### What the task asks
What is wanted is every line below from the one with "Panchaloham Toe Rings(Adjustable)" up to and including the one with "Бра Оникс №1 лучик в Химках Гусь Хрустальный", retyped exactly, pictures excluded, nothing else.

### Provided entries
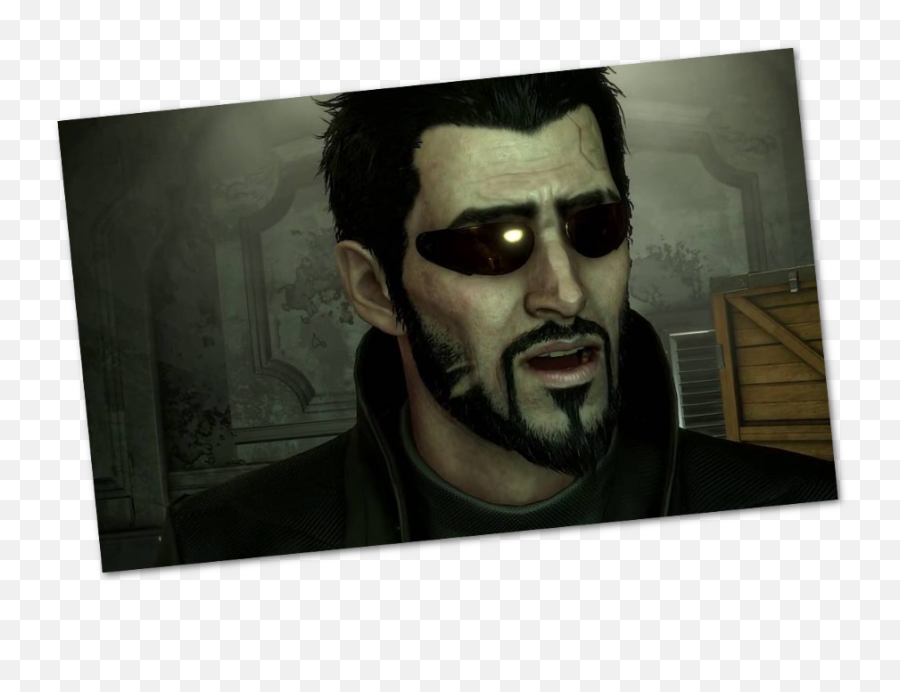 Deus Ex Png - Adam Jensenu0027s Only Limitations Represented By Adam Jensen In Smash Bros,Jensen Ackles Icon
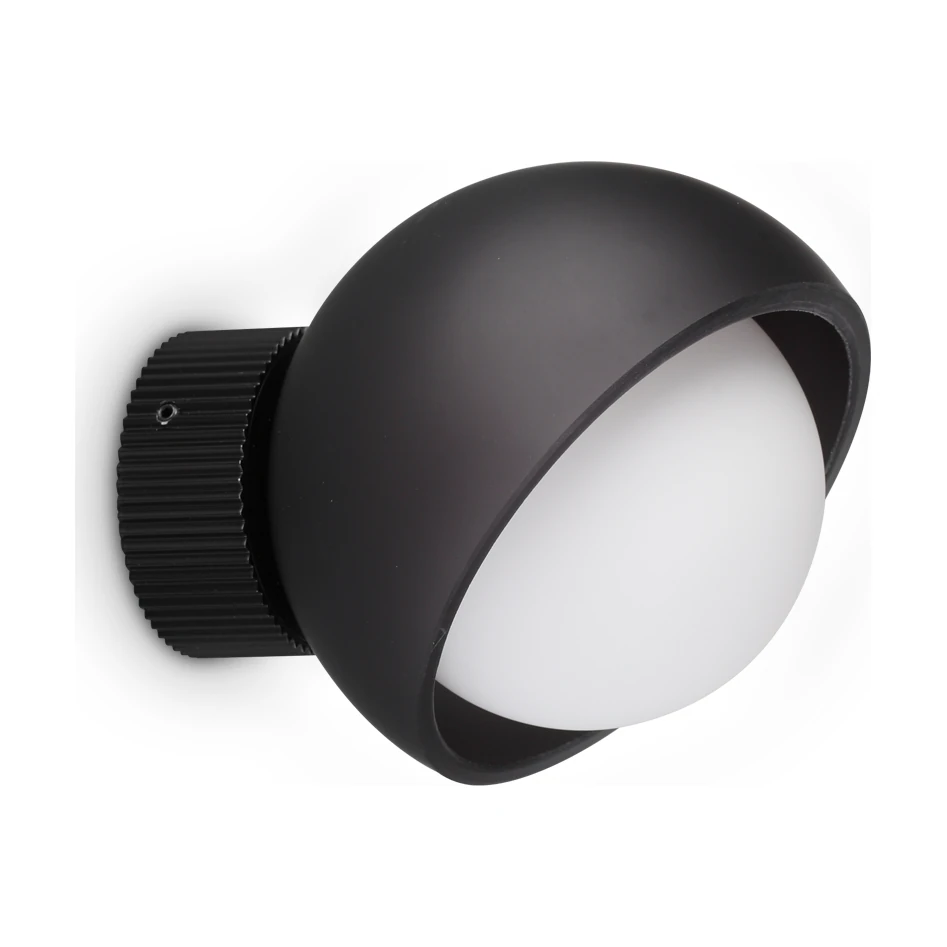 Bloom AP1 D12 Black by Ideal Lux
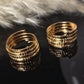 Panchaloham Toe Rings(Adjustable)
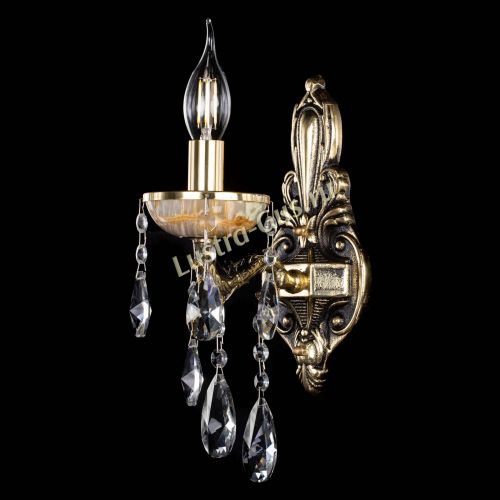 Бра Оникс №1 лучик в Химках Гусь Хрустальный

--

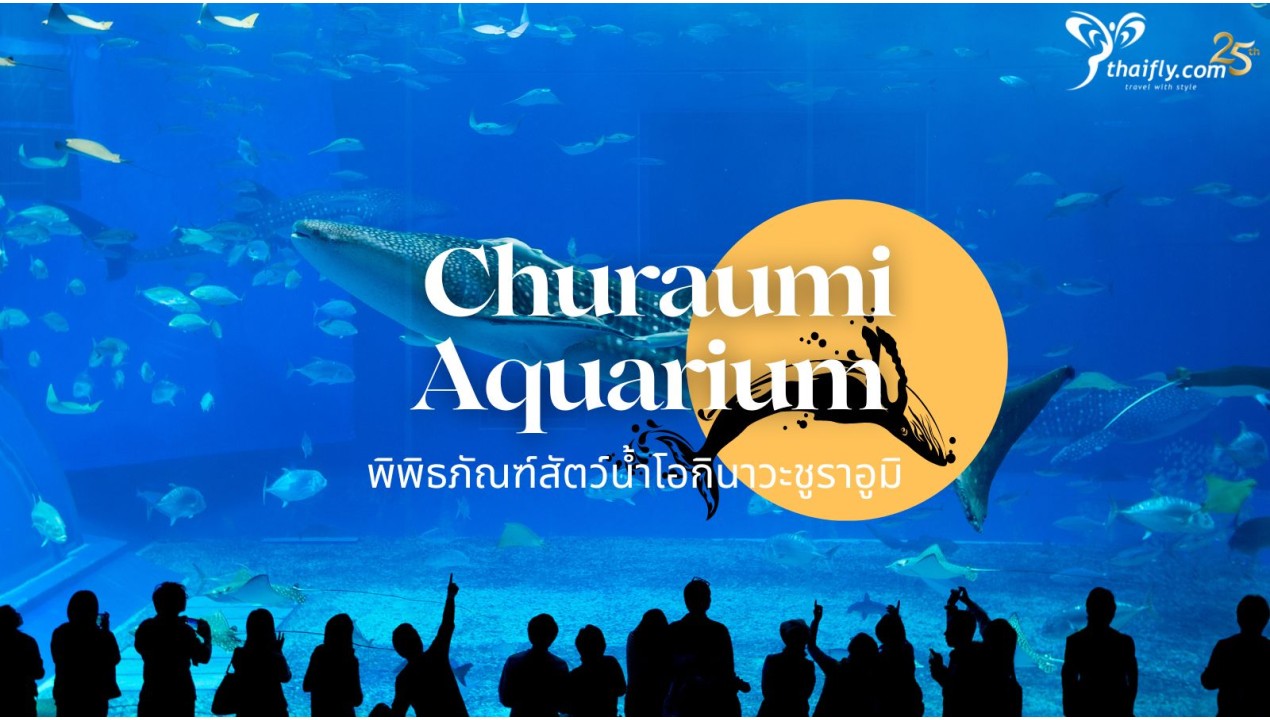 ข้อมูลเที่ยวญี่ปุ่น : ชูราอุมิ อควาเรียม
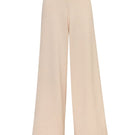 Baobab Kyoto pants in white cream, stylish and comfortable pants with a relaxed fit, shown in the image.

### Answer section
 Panchaloham Toe Rings(Adjustable)
 Бра Оникс №1 лучик в Химках Гусь Хрустальный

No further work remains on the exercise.